#### Directions
Return the lines below exactly, please, from the one containing "Luas Tanah : 1241m²" through the last one, both included, and leave out any pictures.

----------

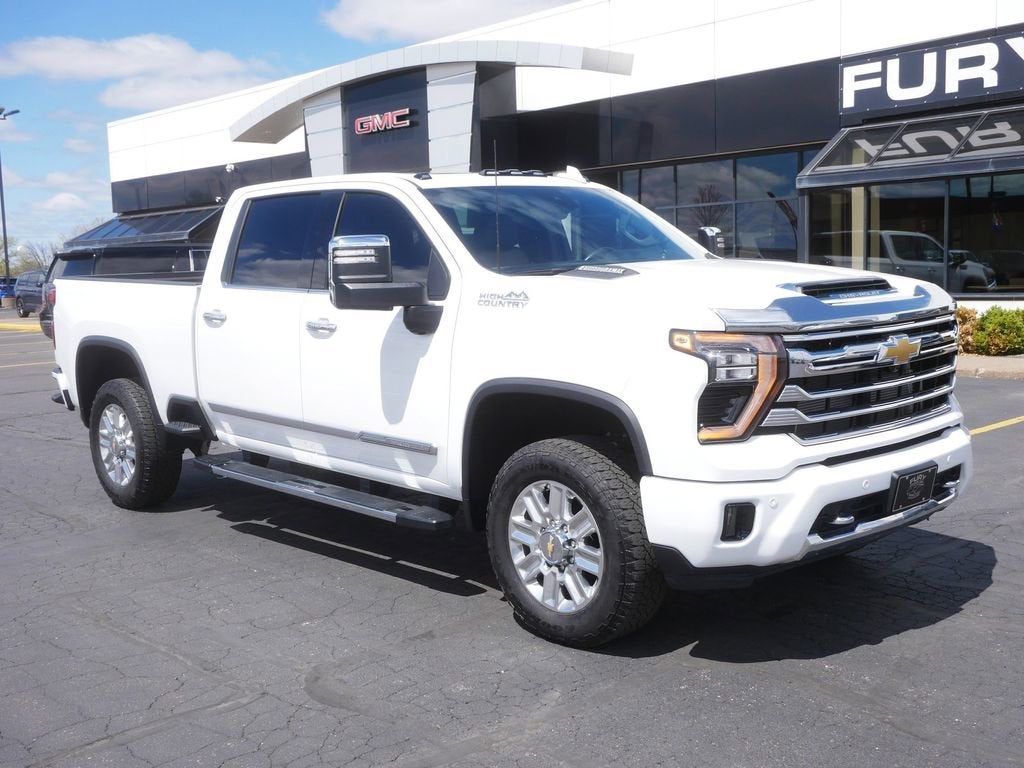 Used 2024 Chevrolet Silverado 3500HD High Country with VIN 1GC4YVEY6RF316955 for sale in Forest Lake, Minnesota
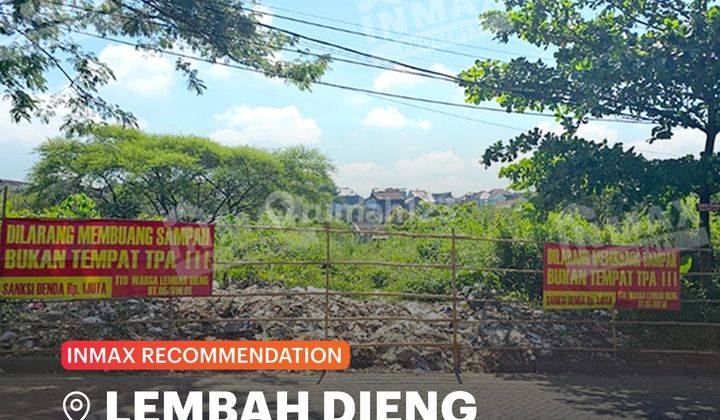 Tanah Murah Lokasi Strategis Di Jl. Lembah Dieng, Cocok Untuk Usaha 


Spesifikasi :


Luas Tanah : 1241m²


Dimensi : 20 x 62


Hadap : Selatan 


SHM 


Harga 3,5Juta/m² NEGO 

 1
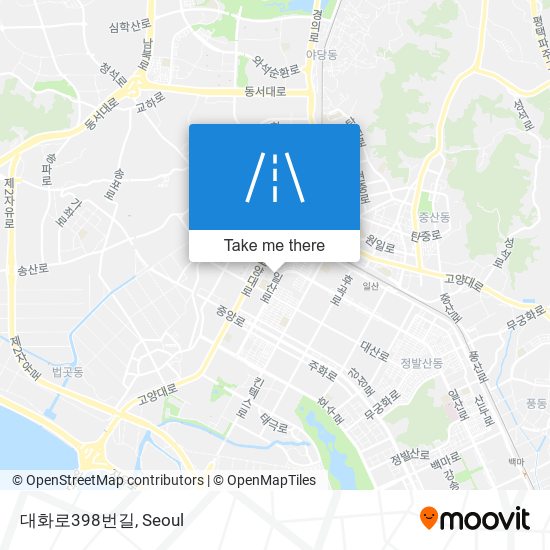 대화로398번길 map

----------

#### The completed task
Luas Tanah : 1241m²


Dimensi : 20 x 62


Hadap : Selatan 


SHM 


Harga 3,5Juta/m² NEGO 

 1
 대화로398번길 map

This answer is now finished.